• [INSTRUCTIONS FOR THE TASK] Below are some records. Return exactly their lines from the one containing "Jabiru (or black" through the one containing "Invernadero de acero", and drop the pictures.

• [DATA FOR ANALYSIS]
================================
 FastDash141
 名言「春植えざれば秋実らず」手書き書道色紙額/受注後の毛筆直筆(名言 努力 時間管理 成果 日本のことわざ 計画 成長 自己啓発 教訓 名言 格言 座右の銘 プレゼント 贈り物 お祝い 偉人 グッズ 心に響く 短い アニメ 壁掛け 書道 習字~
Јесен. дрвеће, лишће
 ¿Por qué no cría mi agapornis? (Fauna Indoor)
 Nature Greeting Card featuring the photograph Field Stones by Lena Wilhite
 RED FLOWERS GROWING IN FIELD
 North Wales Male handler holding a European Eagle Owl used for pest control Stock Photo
================================
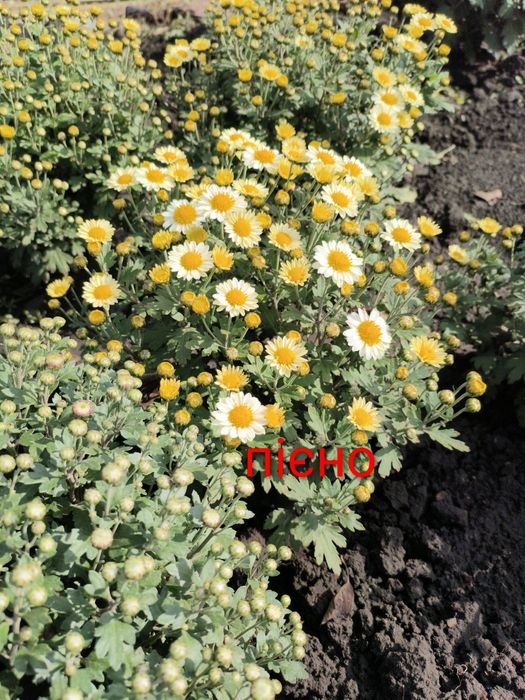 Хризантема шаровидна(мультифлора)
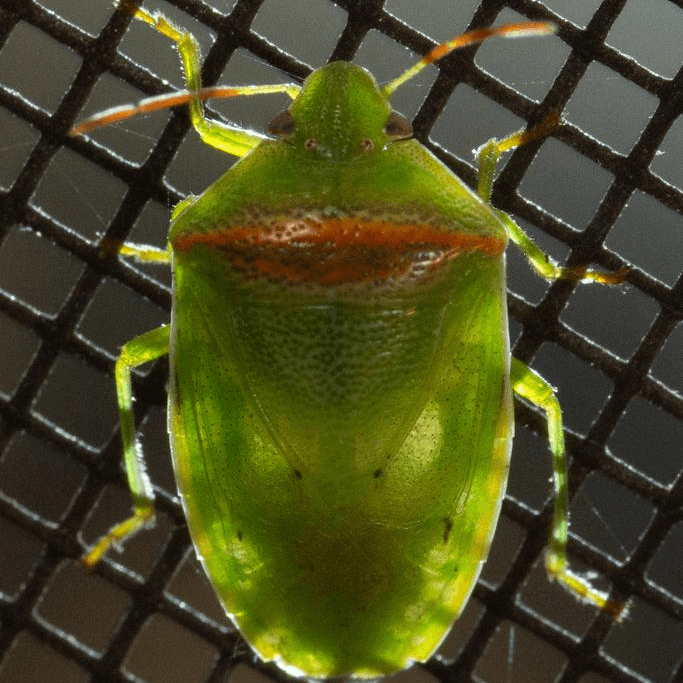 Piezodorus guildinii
================================
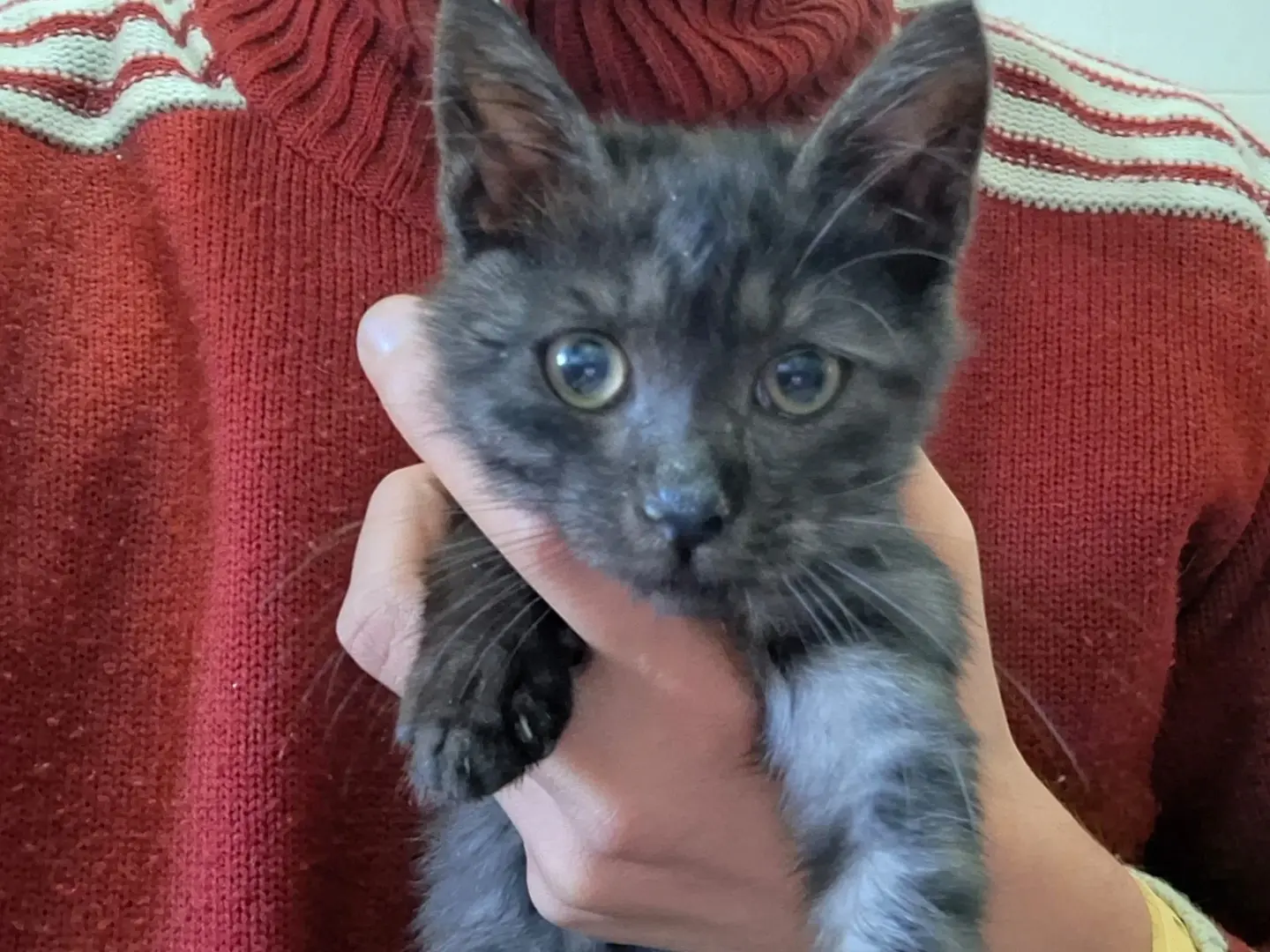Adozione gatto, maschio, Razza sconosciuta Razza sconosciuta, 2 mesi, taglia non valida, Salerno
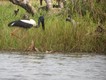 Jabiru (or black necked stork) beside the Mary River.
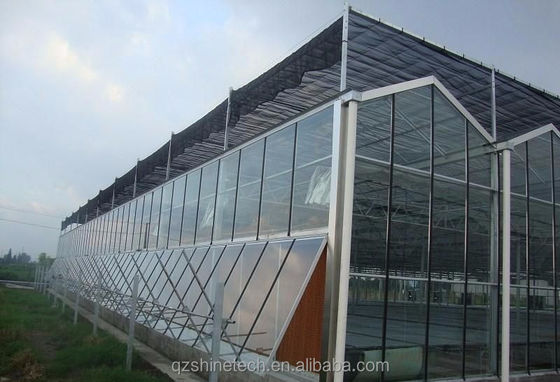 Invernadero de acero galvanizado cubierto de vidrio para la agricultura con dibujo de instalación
================================
• [SOLUTION]
 Jabiru (or black necked stork) beside the Mary River.
 Invernadero de acero galvanizado cubierto de vidrio para la agricultura con dibujo de instalación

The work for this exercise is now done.